Por Mariana Cruz
É tempo de plantar. Quando o céu escurece, é tempo de plantar. Quando há luta por fazer, o tempo é de plantar. Em abril, o mês em que se completou 24 anos do brutal assassinato de Galdino, 25 anos do massacre de Eldorado de Carajás e 521 anos de resistência indígena nessa terra chamada Brasil, a Teia dos Povos realizou a 1ª pré-jornada de agroecologia de 2021. Chegou pelo convite da Pajé Rita Muniz e sua família, na Aldeia Água Vermelha, e encontrou portas abertas em sua casa e olhos e corações atentos no território dos Pataxó Hã-Hã-Hãe, a T.I. Caramuru-Catarina Paraguassu.
Se a gente não planta, o chão não dá
Era uma quinta-feira, abril em lua crescente. No escuro da noite, depois de uma viagem íngreme e tortuosa, desembarcaram homens e mulheres, dos mais jovens aos mais velhos. Sem terras do Assentamento Terra Vista deixaram suas casas e roças para, em mutirão, contribuir com o sonho e a luta de Rita, de seu povo e de seu território. Em suas palavras, “o que eu quero é isso, que nós tenhamos abundância pra gente cuidar de todo mundo que tiver que ser cuidado por nós”. A caravana, diminuta pelos tempos de pandemia, terminou de aportar quando, logo em seguida, chegaram as mudas, sementes e ferramentas que trouxeram em um caminhão. Assim que o sol raiasse, pelos três dias seguintes, o trabalho conjunto daria forma concreta à construção de uma roça em sistema agroflorestal.
Glauber, filho de Pajé Rita, Pâmela e Kiune, do Terra Vista, trabalham durante o mutirão. Teia dos Povos, 2021.
Árvores centenárias, na maioria nativas da Mata Atlântica, aliaram-se a bananeiras, cacaus, cupuaçus. Múltiplas mãos prepararam cuidadosos berços para que elas, agora pequenas mudas, cresçam, floresçam e frutifiquem, zelando umas das outras. Ao redor dessa assembleia florestal, as mesmas mãos indicaram o caminho para que os pés de frutas façam a guarda. Plantadas em linha e entre a estrada e as demais árvores, as pitangas, tangerinas e eugênias darão frutos aos que chegarem para uma visita e aos que pedirem uma pausa no trabalho da roça. Enquanto elas não crescem, ainda haverá o tempo e o espaço para plantar milho, batata, feijão e ervas medicinais à vontade. Até o capim, testemunha viva e insistente dos pastos que invadiram a Mata nativa, tem seu lugar garantido. Roçado para dar espaço ao cultivo, ele volta para a terra em forma de cobertor.
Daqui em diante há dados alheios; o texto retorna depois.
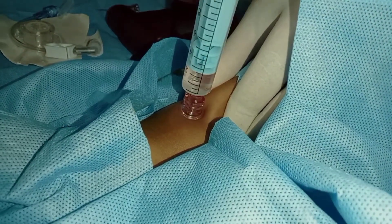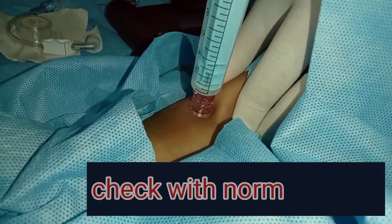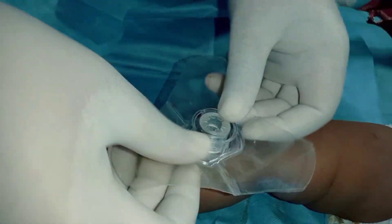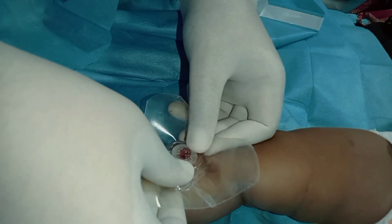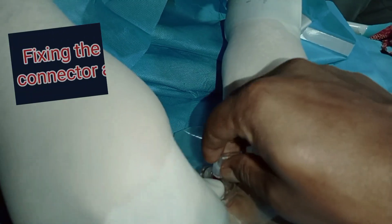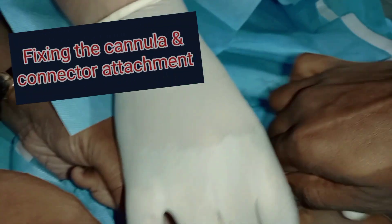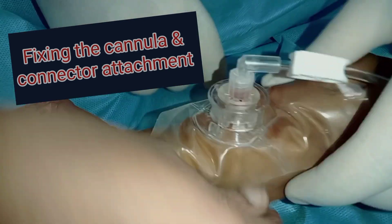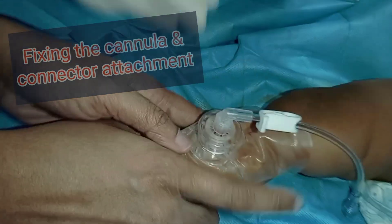Now it is time to push a saline fluid bolus through the needle to check for patency. Once patency is confirmed, the needle is fixed with a tape and the connector is attached, through which fluid or medication can now be given.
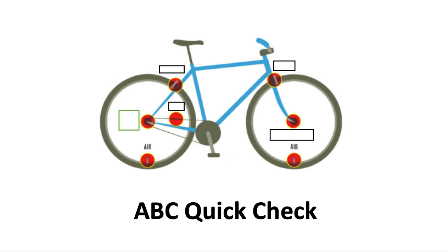Next, B. What on your bike starts with B that really helps when you're riding? Brakes. Check your brakes. Make sure that you can squeeze them and that they'll stop you. If your brake lever goes all the way to your handlebar when you squeeze it, then you should get that adjusted. You need at least a finger's width of space between where the lever stops and the handlebar.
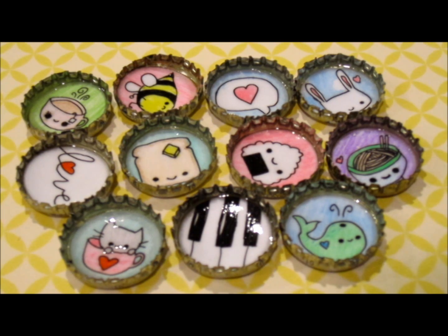So here you can see all the little bottle cap charms I made and I think they turned out pretty cute. Again, these are all little hand drawn images inspired by somebody on DeviantArt. I just put them in little bottle caps and I didn't cover them with resin, I covered them with something else, and I can do a tutorial on this if you guys would like that. So I hope you guys enjoyed this update and I'll see you later, bye!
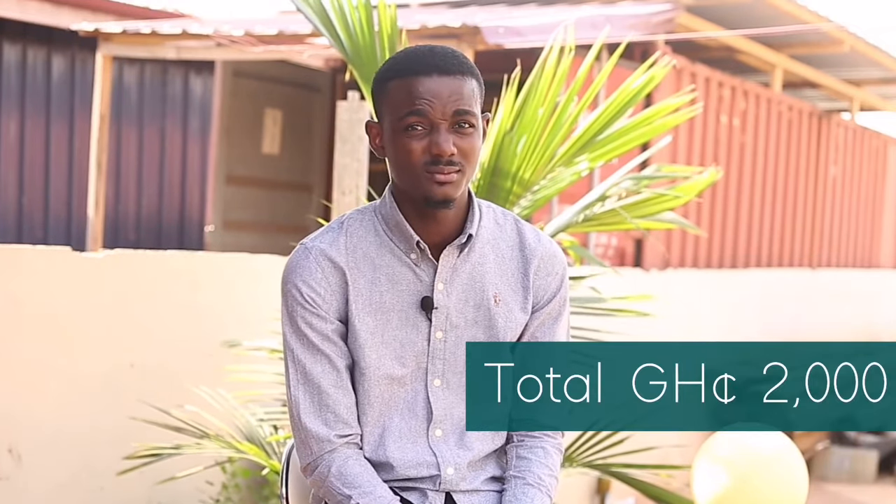In a system like this, at the end of six months, we calculate mortalities at around 10%, but as a new farmer expect around 20% of your fish dying as part of the learning process. What I did was start with 100, grew to 500, and now I'm in the thousands. Ideally you do not spend more than 2000 Ghana cedis for the entire cycle.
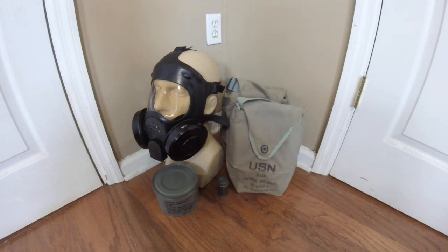Hey everyone, Duke NuGet3D here back again with another gas mask review. Today we'll be taking a look at the U.S. Navy Diaphragm Gas Mask Mark V. This is a mask I've already had in my collection, although the previous one I owned had the harness break on it — that's sort of the Achilles heel of this mask. At some point I disassembled it to understand how it worked, so I hadn't really had a complete example to make a review of until now, and that is the object of this video.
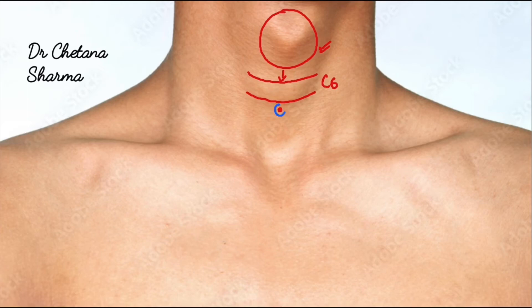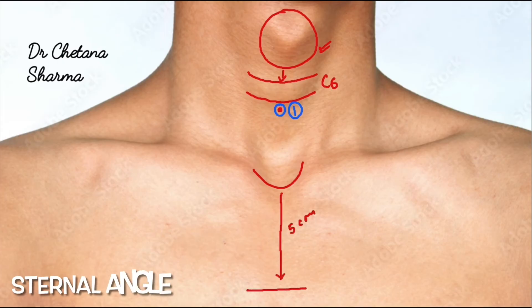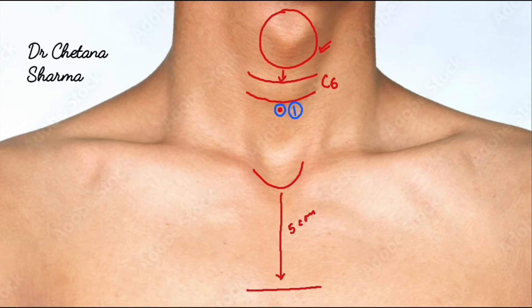Put a point immediately below the arch of the cricoid cartilage — this is our first point. For the second point, identify the suprasternal notch, then slide your fingers down approximately five centimeters. You will feel a horizontal ridge known as the external angle. Mark the midpoint of this ridge, then go toward the right side about one centimeter and mark the second point.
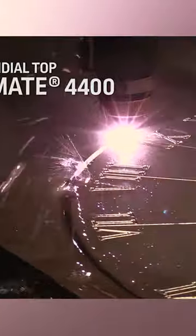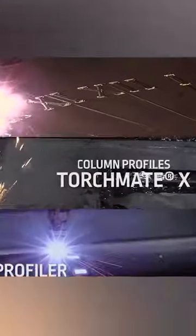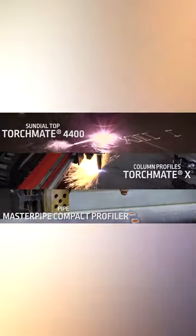Three different cut jobs for this project: the top, which gets cut on the Torch Mate 4400; the column profiles on the Torch Mate X; and the pipe on the Master Pipe Compact Profiler.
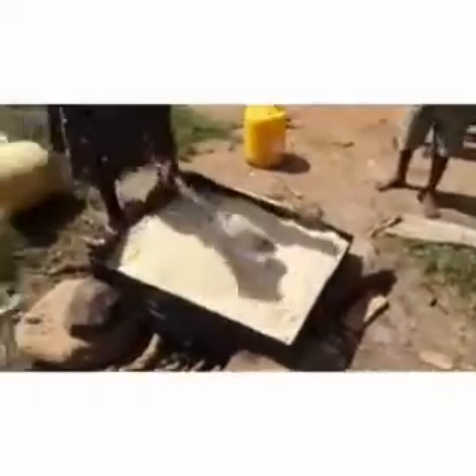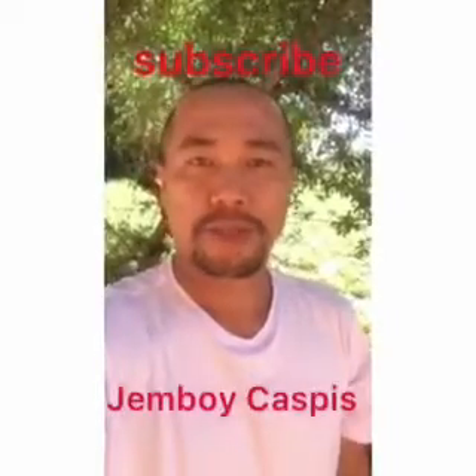Hello, thank you for watching. Please subscribe to my channel — don't forget — for more African videos.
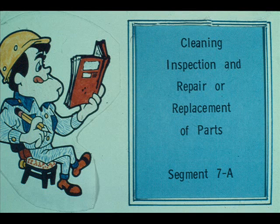During this segment of our course, we will deal with the cleaning, inspection, and repair or replacement of parts after the turbine has been disassembled. The procedures we show you now may vary somewhat from one plant to another. Your instructor will clarify any variations now being followed at your plant.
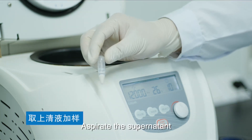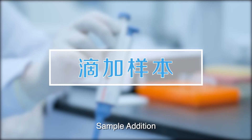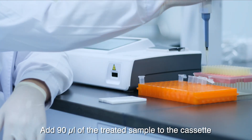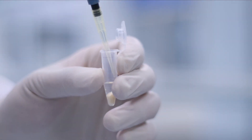After centrifugation, aspirate the supernatant. Add 90 µL of the treated sample to the cassette and pipette the supernatant.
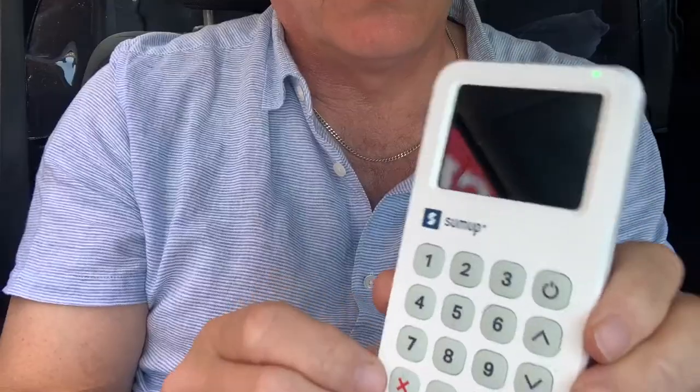Hi guys, hope you are all well. Welcome back to Maca's Takeaway. Today I'm going to be doing a review on this — as it says on the thumbnail — this is the new SumUp card reader. Completely mobile, it just needs to be charged up. Absolutely superb bit of kit in today's current climate when people are paying more and more on their phones and cards contactless.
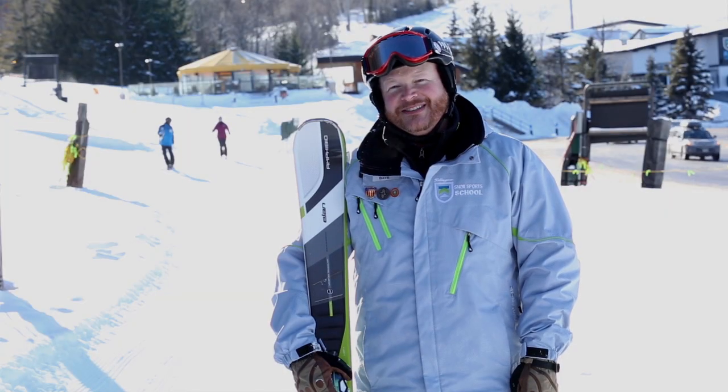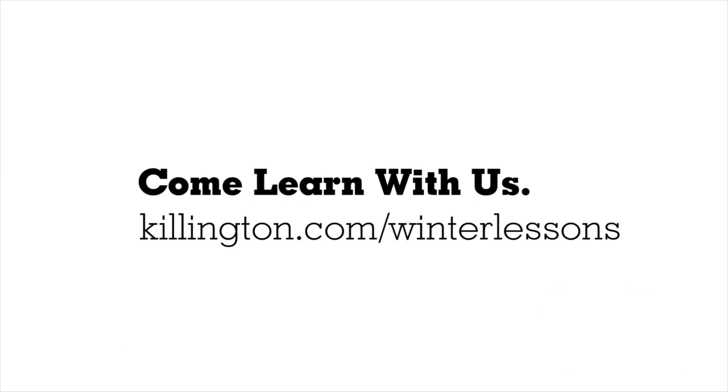If you want to learn how to turn your skis, come visit us at the Killington Snow Sports School.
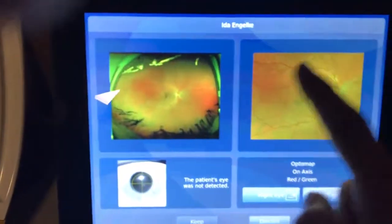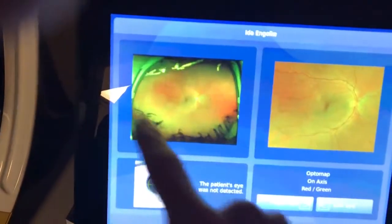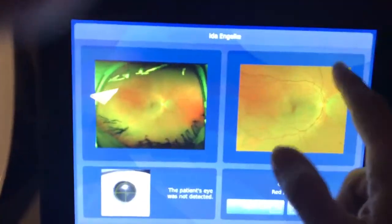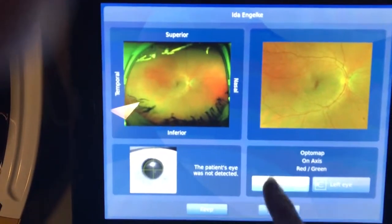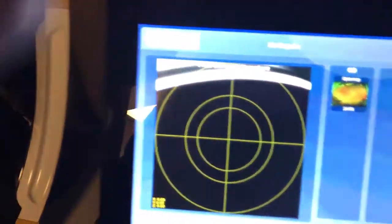Good, you can sit back. So if you get a good picture, you don't have a whole lot of eyelids or eyelashes in here, and that's good — that's a good picture. So we're going to do right eye, keep, and now it's ready for the left eye.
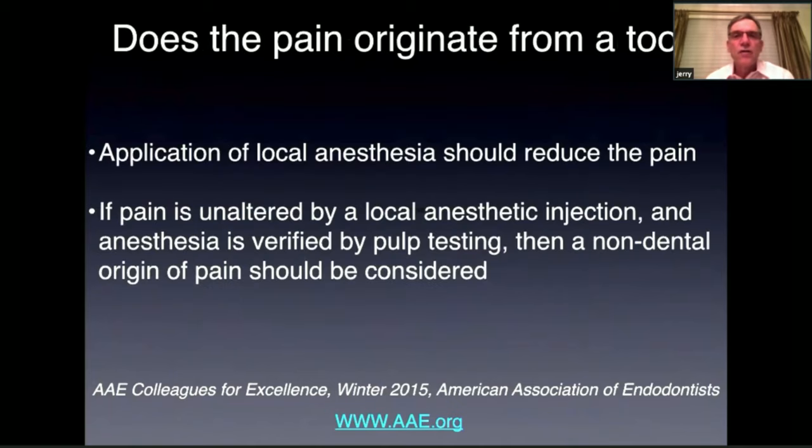If you're not sure and you've narrowed it down, sometimes you can get the patient numb with local anesthetics. For example, if there are two teeth in question, and your best guess is a lower molar, if you give a mandibular block the pain should go away. If you're suspicious of an upper molar and you anesthetize the patient with all signs of anesthesia confirmed, you can pulp test it to make sure it's numb. If the patient is still having pain under local anesthesia, there might be a non-odontogenic source of that pain.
Esquema ilustra variedades plantadas em uma das linhas do SAF. Produção coletiva, Teia dos Povos, 2021.
É tempo de plantar! E o tempo da mata ensina a não se afobar. “Não é questão de pressa. É jeito. É paciência”, orientou Mestre Joelson Ferreira. A ele e à sua longa e profunda experiência com o cultivo de plantas e revoluções, Pajé Rita recorreu quando decidiu reflorestar o entorno de sua morada. Antes de ligar para ele, no entanto, muitas águas rolaram, como se diz. Há mais de uma década, ela decidiu abandonar a criação de gado, prática um tanto recorrente na região. A primeira tarefa que realizou foi cercar uma área próxima ao Rio Água Vermelha. Bastou impedir a entrada de vacas dos vizinhos para que a ação de passarinhos e outros habitantes das matas próximas fizesse o restante. O encapoeiramento tornou o rio mais vivo, mais forte e abundante. A partir de então, com água jorrando livre e dando de beber a quem tinha sede, ela poderia se dedicar a outras ações.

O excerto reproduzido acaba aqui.